Den auf der Grundlage der Hofgerichtsordnung von 1572
angestrebten Verbesserungen der Gerichtsorganisation und des Verfahrens am
Rottweiler Hofgericht war letzten Endes kein Erfolg beschieden, da die für die
Besetzung des Assessorats mit juristisch ausgebildeten Beisitzern
erforderlichen finanziellen Mittel nicht aufgebracht werden konnten. Hinzu kam
die ambivalente Verhaltensweise der Kaiser, die sich zwar zumeist hinter das
Gericht stellten, aber zugleich durch die fortwährende Erteilung neuer, gegen
das Hofgericht gerichteter Exemtionen an eine Vielzahl von Herrschaftsträgern
sukzessive dessen materielle Grundlagen entscheidend verkürzte (S. 203-222).

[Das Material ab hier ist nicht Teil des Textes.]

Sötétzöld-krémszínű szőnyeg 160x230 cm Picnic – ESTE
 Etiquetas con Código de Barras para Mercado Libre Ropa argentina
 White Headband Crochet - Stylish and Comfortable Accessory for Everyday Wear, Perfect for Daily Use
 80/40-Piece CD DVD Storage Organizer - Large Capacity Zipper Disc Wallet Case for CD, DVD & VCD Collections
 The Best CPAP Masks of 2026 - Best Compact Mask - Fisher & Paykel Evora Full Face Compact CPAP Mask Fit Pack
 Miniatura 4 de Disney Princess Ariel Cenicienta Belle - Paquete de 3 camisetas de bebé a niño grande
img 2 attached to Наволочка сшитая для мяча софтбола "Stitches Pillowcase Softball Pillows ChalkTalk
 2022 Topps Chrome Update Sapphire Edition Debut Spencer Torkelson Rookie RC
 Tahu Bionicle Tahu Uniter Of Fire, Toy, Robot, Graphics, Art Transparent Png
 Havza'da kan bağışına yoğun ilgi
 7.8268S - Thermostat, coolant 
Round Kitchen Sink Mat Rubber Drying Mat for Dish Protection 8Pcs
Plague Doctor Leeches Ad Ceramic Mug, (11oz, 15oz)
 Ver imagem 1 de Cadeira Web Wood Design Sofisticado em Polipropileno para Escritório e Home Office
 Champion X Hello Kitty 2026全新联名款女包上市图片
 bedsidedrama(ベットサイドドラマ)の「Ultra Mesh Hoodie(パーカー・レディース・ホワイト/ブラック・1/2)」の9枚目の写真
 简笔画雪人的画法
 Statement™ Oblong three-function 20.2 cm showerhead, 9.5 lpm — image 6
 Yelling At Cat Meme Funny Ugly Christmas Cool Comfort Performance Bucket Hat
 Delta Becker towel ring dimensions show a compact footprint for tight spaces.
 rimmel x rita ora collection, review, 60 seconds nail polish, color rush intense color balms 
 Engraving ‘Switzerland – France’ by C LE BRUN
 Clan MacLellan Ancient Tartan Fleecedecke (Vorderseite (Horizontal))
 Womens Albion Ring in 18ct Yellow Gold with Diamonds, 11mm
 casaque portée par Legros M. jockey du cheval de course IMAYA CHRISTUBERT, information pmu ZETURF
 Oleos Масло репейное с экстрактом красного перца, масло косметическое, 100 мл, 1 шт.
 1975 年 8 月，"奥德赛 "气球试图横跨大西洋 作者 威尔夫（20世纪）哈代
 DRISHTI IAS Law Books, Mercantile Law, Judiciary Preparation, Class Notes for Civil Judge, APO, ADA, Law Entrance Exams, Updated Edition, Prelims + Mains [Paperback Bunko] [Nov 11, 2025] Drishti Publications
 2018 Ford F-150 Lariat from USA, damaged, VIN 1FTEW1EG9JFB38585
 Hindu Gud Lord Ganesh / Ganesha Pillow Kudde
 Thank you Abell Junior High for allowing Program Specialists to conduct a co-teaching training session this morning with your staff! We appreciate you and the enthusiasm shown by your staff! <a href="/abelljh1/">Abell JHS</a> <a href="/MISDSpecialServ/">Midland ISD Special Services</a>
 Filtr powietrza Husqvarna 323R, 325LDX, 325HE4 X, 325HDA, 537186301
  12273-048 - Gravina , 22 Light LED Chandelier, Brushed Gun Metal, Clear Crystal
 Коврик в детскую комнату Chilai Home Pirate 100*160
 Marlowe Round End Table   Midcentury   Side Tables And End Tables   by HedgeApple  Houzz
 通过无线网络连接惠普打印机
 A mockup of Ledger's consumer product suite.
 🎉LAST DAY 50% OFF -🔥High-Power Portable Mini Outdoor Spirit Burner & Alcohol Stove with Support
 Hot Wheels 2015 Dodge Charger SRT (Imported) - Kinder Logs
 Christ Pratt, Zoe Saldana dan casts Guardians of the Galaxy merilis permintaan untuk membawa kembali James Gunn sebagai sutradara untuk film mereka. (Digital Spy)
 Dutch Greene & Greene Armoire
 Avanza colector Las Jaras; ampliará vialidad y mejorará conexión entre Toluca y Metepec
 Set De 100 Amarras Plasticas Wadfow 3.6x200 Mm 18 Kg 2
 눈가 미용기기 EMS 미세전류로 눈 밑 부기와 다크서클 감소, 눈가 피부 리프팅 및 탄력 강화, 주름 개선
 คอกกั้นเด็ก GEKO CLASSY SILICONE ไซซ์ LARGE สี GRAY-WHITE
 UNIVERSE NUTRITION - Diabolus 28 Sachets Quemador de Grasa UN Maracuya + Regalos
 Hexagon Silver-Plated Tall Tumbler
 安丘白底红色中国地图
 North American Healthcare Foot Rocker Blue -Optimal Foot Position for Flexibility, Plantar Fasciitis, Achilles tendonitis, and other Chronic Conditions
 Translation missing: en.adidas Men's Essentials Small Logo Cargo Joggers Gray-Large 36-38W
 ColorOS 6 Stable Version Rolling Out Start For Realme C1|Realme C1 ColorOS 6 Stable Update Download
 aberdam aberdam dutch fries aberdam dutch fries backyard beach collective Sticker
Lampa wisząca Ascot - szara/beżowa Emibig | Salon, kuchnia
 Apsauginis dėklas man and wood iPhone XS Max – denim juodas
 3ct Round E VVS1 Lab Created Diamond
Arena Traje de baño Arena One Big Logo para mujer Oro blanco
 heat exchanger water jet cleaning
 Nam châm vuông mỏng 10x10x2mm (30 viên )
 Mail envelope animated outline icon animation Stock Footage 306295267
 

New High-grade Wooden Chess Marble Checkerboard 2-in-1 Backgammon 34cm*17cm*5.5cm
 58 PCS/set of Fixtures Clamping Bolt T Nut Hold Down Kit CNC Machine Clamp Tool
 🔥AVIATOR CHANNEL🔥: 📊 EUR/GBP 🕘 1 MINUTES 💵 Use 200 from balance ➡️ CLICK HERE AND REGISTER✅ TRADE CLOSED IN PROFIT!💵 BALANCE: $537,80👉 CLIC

Abschließend wird der Handlungsspielraum des Rottweiler
Hofgerichts vor dem Hintergrund des politisch-verfassungsrechtlichen Spannungsfeldes
im Südwesten des Alten Reiches, insbesondere in seinem Verhältnis zu den
mächtigen, benachbarten Reichsständen Österreich und Württemberg analysiert.
Während Württemberg rigoros und mit Vehemenz gegen die Zuständigkeit des
Hofgerichts vorging, verliefen die Konflikte mit Österreich deutlich moderater,
was nicht zuletzt daran gelegen haben dürfte, dass die Kaiserkrone 1438 wieder
an das Haus Habsburg gefallen war (S. 237).
Resümierend bleibt festzuhalten, dass Ulrike Schillinger
eine grundlegende Arbeit zur Geschichte des Rottweiler Hofgerichts in seiner
Niedergangsphase vorgelegt hat. Dazu wurde die Rottweiler Hofgerichtsordnung
von 1572 nicht nur vergleichend mit der Reichskammergerichtsordnung von 1555
und der AHGO von 1435 thematisiert, sondern es wurden daneben – unter steter Berücksichtigung
des zeitgenössischen Schrifttums und der aktuellen Forschungsliteratur –
weitere archivalische Quellen zur Tätigkeit des Gerichts systematisch ausgewertet.